Enfin l’auteur voit dans certains développements des lieux publics, par les machines publiques (les lanternes magiques) et les architectures du rassemblement (surfaces amorphes destinées à recevoir : théâtres, déambulations, puis bien plus tard, ajoute l’auteur, cinémas, etc.) l’émergence du contrôle disciplinaire des foules : grand nombre de personnes et une place suffisante soumis à la convergence de ces personnes et à l’imposition d’une discipline.

 

« La cour du public »

Avec cette Philosophie de l’architecture, le lecteur se trouve en vérité devant une somme incontournable concernant les lieux et les espaces publics. Elle n’est pas historique, mais philosophique, puisque l’auteur y poursuit le thème de l’articulation entre une constitution (une architecture sociale et politique), des espaces (des architectures, au sens banal du terme) et l’émergence du « peuple » comme acteur de son propre destin. Sur ce plan, il différencie fort bien l’agora, le forum et les lieux publics modernes. Au titre de ces lieux publics modernes, les salons, mais aussi les cafés et les institutions culturelles sont centraux : ils sont les lieux de l’intersection entre l’action directe et l’extension de la sphère publique ; lieux de lecture, de distribution de journaux, d’expansion de la rumeur, bref, lieux de rassemblement, de discussion, de conjuration.

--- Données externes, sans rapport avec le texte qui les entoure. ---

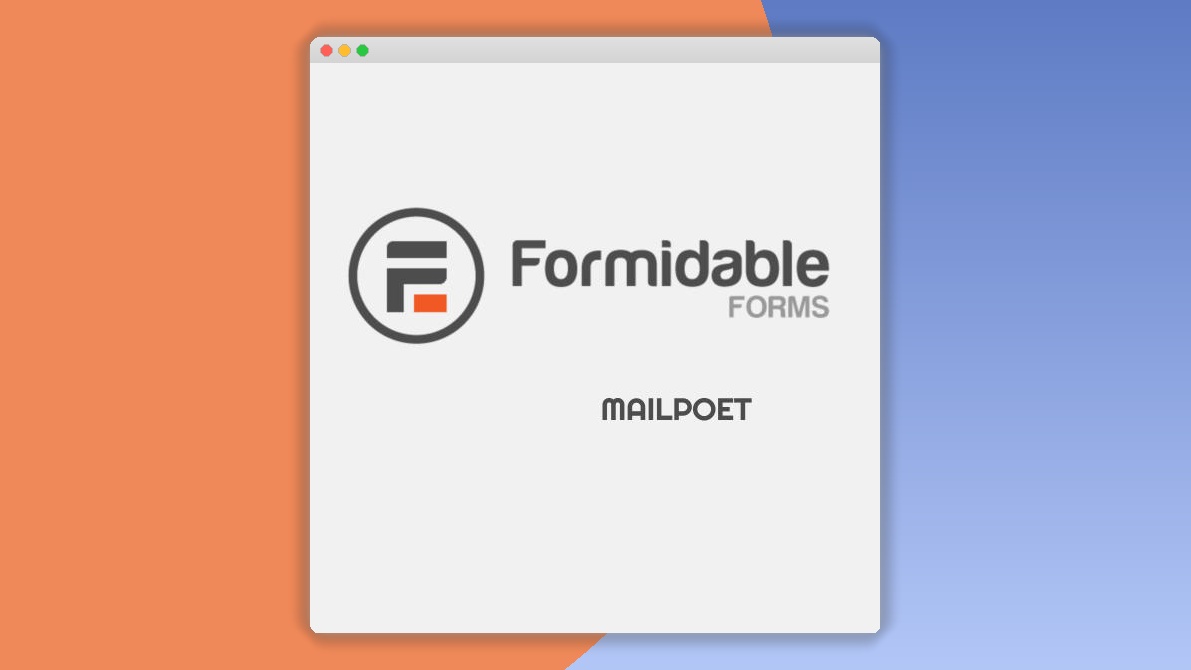 Formidable MailPoet Newsletters 1.04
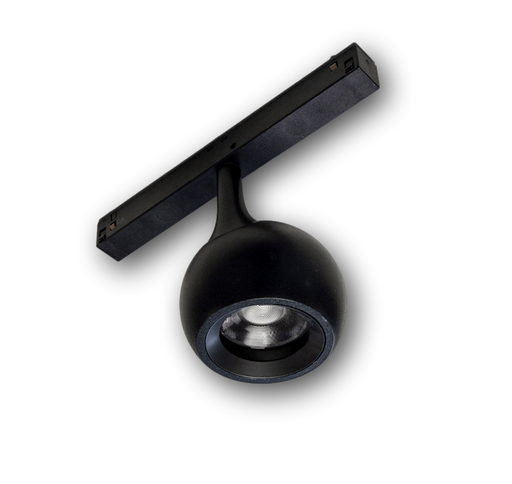 [/ATLK48V2X11W75E1B] ELISA-B 48V 11W 36° 1011lm 3000k Dali CRI90 Schwarz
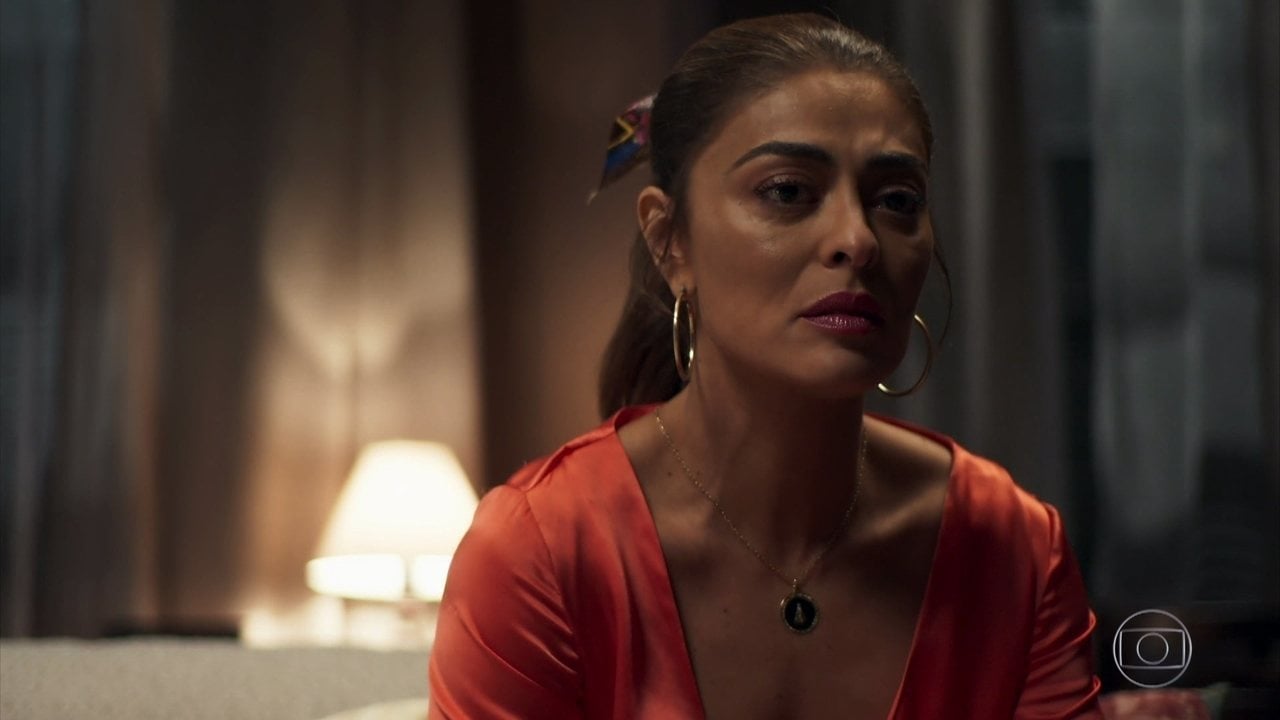 Maria da Paz tem dificuldade em se restabelecer na novela A Dona do Pedaço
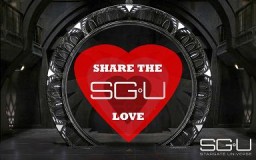 Spead The SGU Love. Image courtesy StargateZone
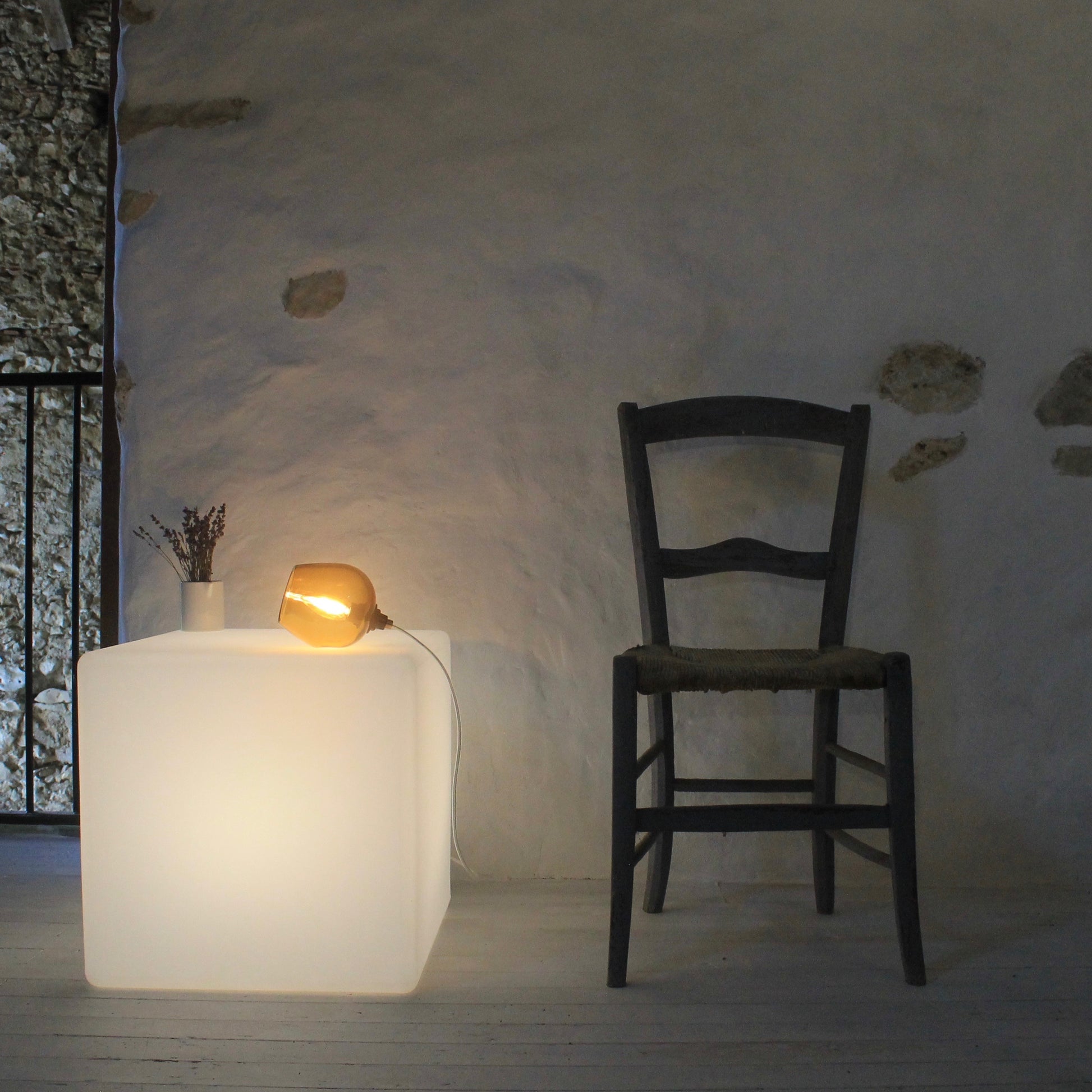 Bell Push Table Lamp
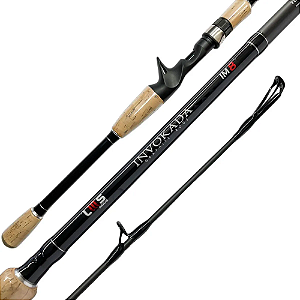LMS VARA INVOKADA IM8 6'0" CAST 4-10G 4-10LB 1PC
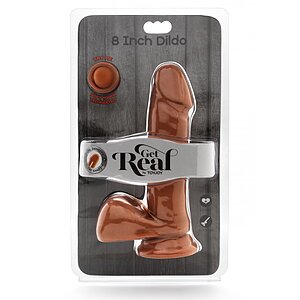 Dildo Cu Testicule Dual Density 20cm Thumb 2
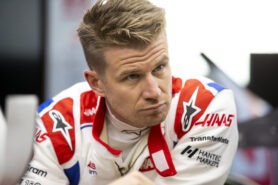 Hulkenberg prioritizes Haas success, but open to Audi's F1 team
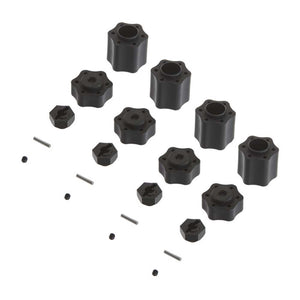 Hex Hub Conv Set (12mm)(4pcs) 9026 Wraith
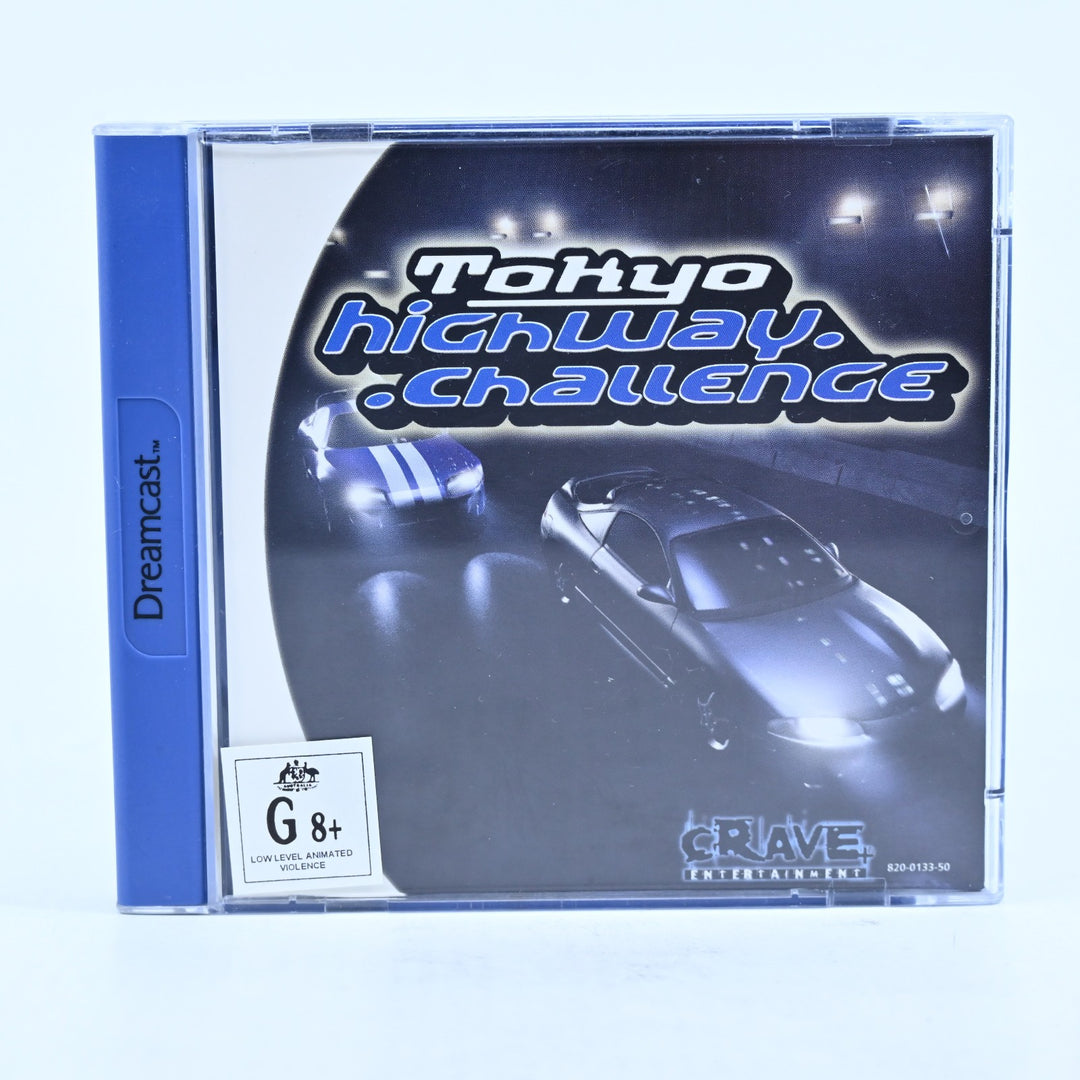 Tokyo Highway Challenge - Sega Dreamcast Game - PAL - MINT DISC!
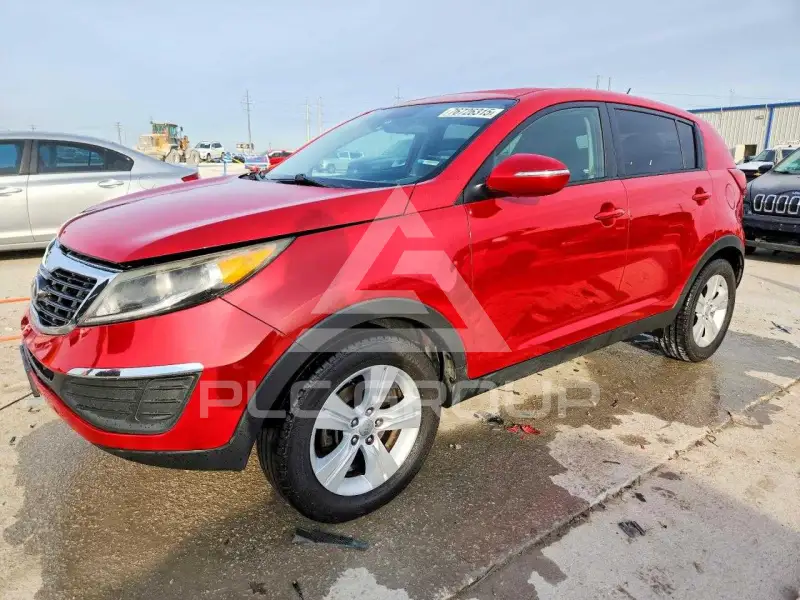 2013 KIA Sportage фото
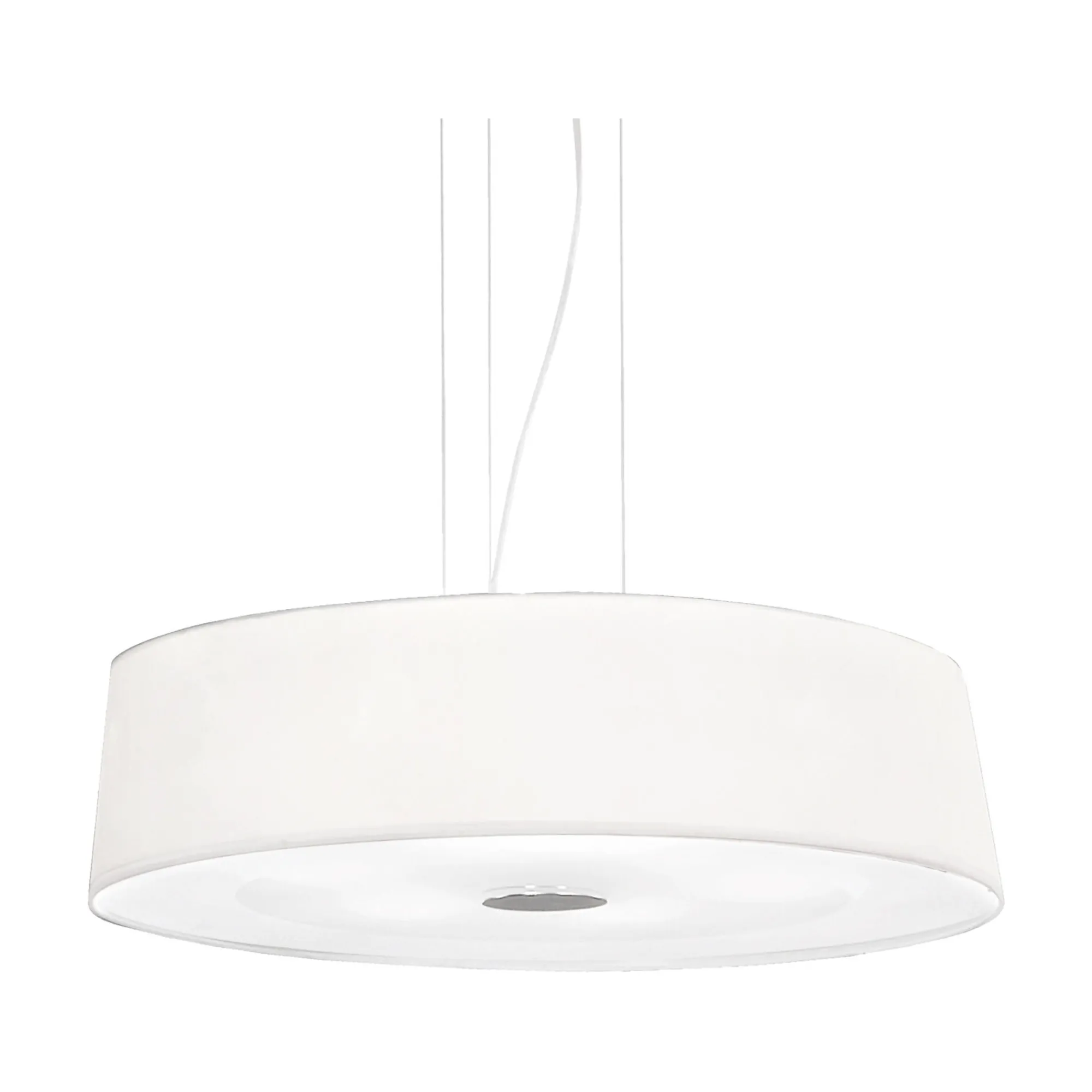 Ideal-Lux - Lampada a sospensione HILTON SP6 ROUND, 60 x 60 x h41 cm,<Dmora Clearance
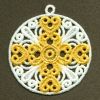 FSL Filigree Cross Ornament 07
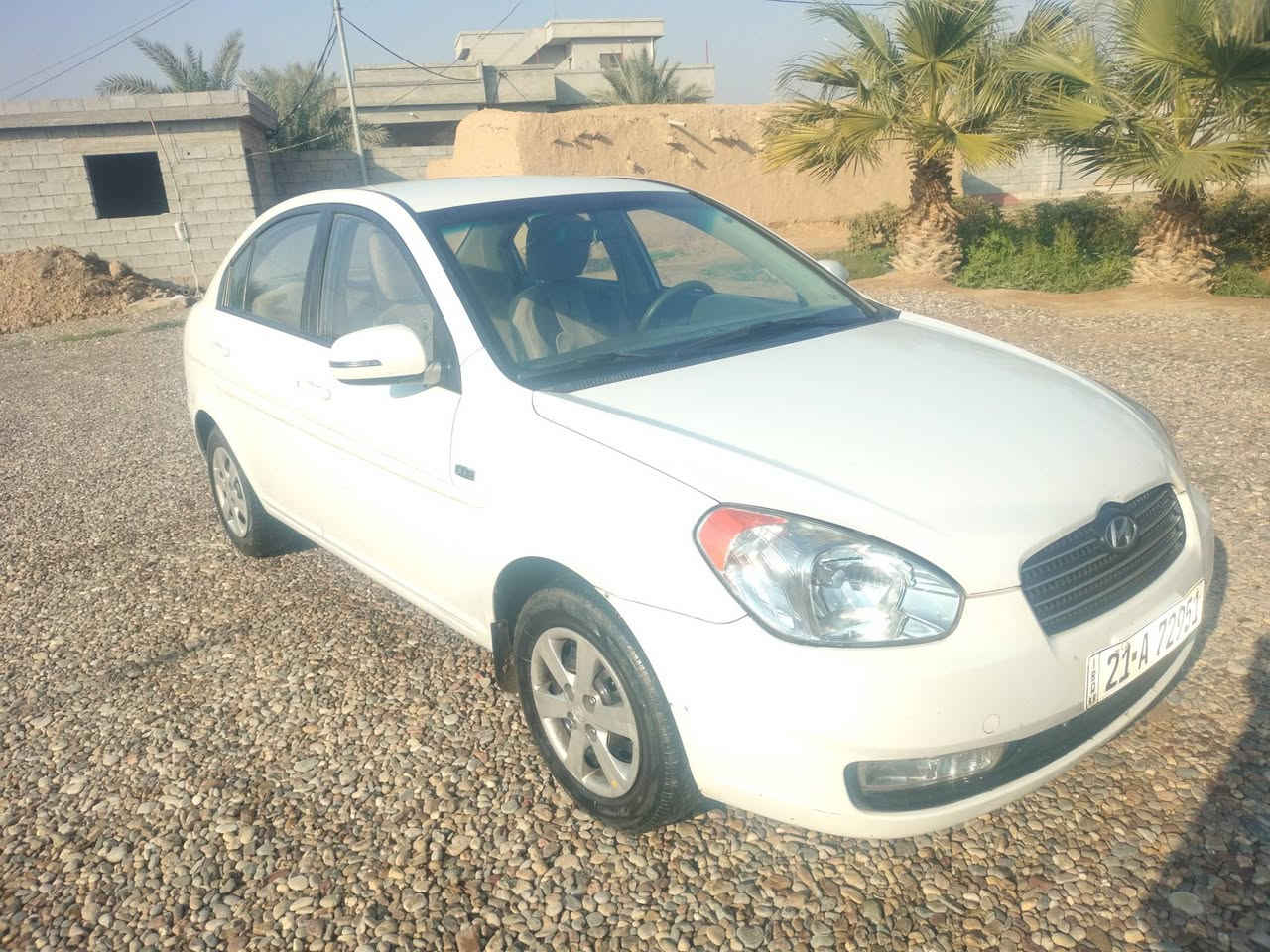 السلام عليكم 
سيارة للبيع 
اكسنت خليجي موديل 2010
محرك حجم 16 قطرتين 
گير محرك شرط 
رقم سليمانية 
سنوية لل 29
السيارة ماشية 158 الف 
السيارة كلين نظيفة
فحص الشراء قبل 8 اشهر 
السعر 110 
قضاء الحويجة ناحية الزاب قرية النميصة 
اتصل على الرقم  ***********
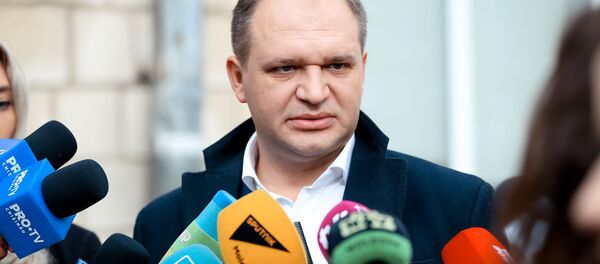 Ион Чебан проголосовал во втором туре местных выборов - Sputnik Молдова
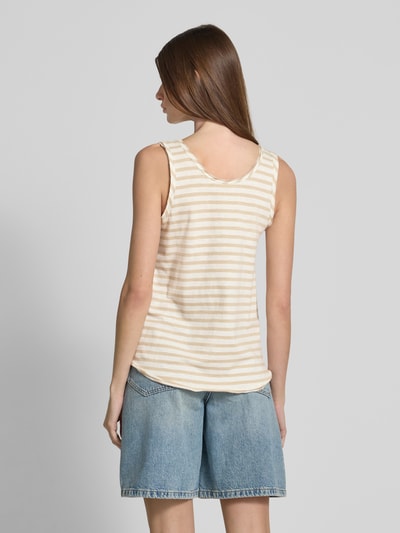 Smith and Soul Tanktop met U-hals Zand - 5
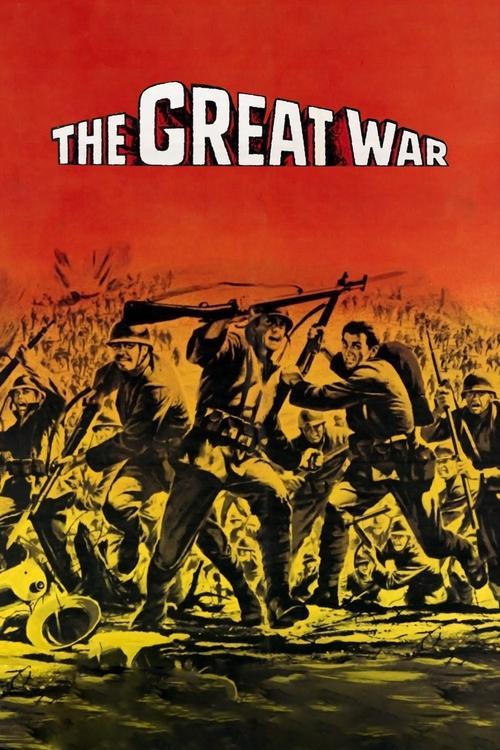 The Great War 1959 official movie poster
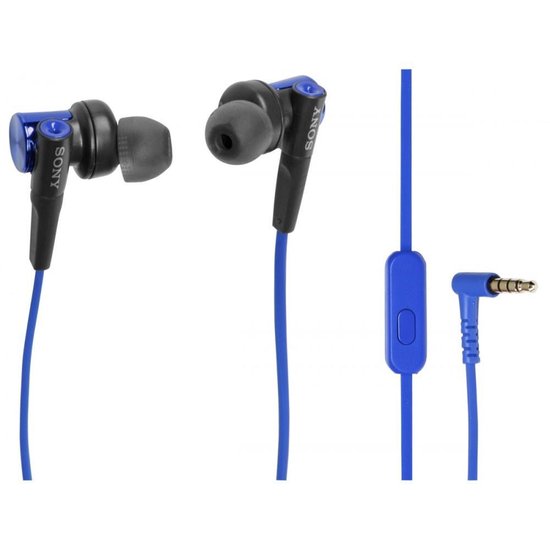 Sony MDR-XB50AP - In-ear oordopjes - Blauw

Ces lieux permettent d’explorer les lieux du pouvoir sans doute, mais surtout le rapport entre les lieux du pouvoir et la naissance de la sphère publique populaire (l’affaire Réveillon le 28 avril 1789, la prise de la Bastille, etc.).

Mais c’est une émergence qui ne va pas sans mal, puisque, montre l’auteur, elle s’accomplit non seulement contre le pouvoir en place, mais aussi contre les révolutionnaires professionnels. L’enjeu est ici historique et politique, mais aussi conceptuel : qu’appelle-t-on « opinion publique » ? Celle des professionnels ou celle qui se répand dans la rue. Pour l’auteur, le point est clair : il y a rupture entre la sphère publique révolutionnaire et l’avant-garde révolutionnaire, mais au point que l’expression spontanée des révolutionnaires s’est toujours trouvée captée par les mises en scène des décideurs et le façonnage symbolique des fêtes nationales donnant une forme visible à l’ordre républicain.

C’est sans doute ce que retient cette expression que l’auteur puise dans les archives révolutionnaires : les lieux publics sont les lieux d’une nouvelle « cour », la « cour du public », dont la caractéristique centrale, d’ailleurs, n’est pas la réussite ou non de ses actions, mais plus essentiellement, l’apparition.